The Peter Principle (Part 2 of 2)

By Rik Nemanick, Ph.D.

In our last issue, we reviewed the “Peter Principle” (the situations where competent people are promoted to the point where they are no longer competent) and what individuals can do to avoid falling into the Peter Principle trap. In this issue, we will address what organizations can do to keep from creating the trap. Organizations regularly reward their top technical performers by putting them into leadership roles for which they are not suited or prepared. In making this decision, some organizations take a “sink or swim” approach to finding out if someone will make a good leader; they place high performers in a leadership role, without preparing or supporting them during the transition. Unfortunately, those who “sink” often do a lot of damage to teams, co-workers, and project results as they go down.

Organizations have several options that will help to avoid this trap: (a) they can promote people to leadership for the right reasons (skills, interests, and inherent talents), and (b) they can support the development of those who have been made leaders, both during and after the transition.  Below are several key steps organizations should take to avoid the Peter Principle trap. 

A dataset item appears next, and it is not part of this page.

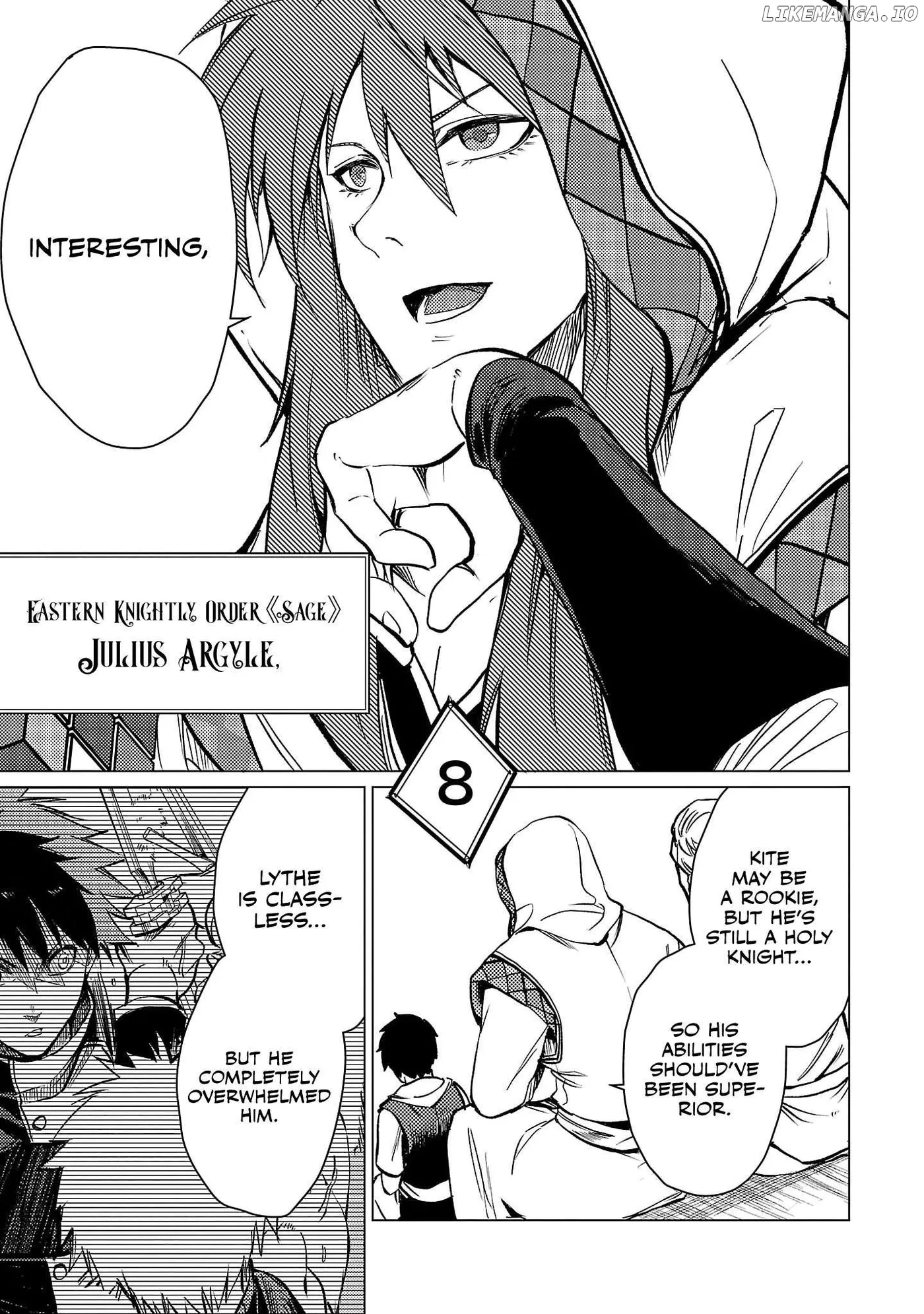 Chronicles of the Jobless Hero ~Ousted From the Duke’s Manor Chapter 19 page 24 -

1.         Know what to look for: Many times the attributes that make someone a great technical contributor either don’t help with leadership, or worse, work against him or her as a leader. For instance, a strong competitive drive can get a top sales representative to excel relative to her peers. That same drive, left unchecked, can cause her to either miss coaching opportunities with those who cannot keep up, or frustrate peers whose cooperation she needs to succeed. When identifying high potential candidates for leadership, evaluating them against a model of pre-leader behaviors (e.g., team participation, peer coaching, etc.) can help predict leadership potential.

2.         Support new leaders: The late Green Bay Packers coach Vince Lombardi said, “Leaders aren’t born they are made. And they are made just like anything else, through hard work.” Many organizations that follow the sink-or-swim approach to leadership miss opportunities to impart fundamental leadership skills to high potentials to help them develop good habits early and accelerate their strengths.

3.         Coach the veterans: As leaders rise through the ranks, new skills and perspectives are required at each level. Just because someone has been successful at one level for years, don’t assume the same skills will work at the next. The demands of more executive level jobs call for a focus on longer time horizons and more strategic thinking, more delegation, and better coaching. To facilitate their success, ensure senior leaders and executive coaches provide needed support.

4.         Consider technical career paths: The biggest flaw in many corporate career paths is found in the fact that the only way for top performers to advance is through accepting leadership roles. Many of our clients have recognized the pitfalls in this approach and have designed technical career ladders that mirror the leadership ladders in pay and prestige. These technically skilled performers are allowed to progress as internal consultants and teachers without direct reports, satisfying the need for career progress and recognition without turning a good technical performer into a bad leader.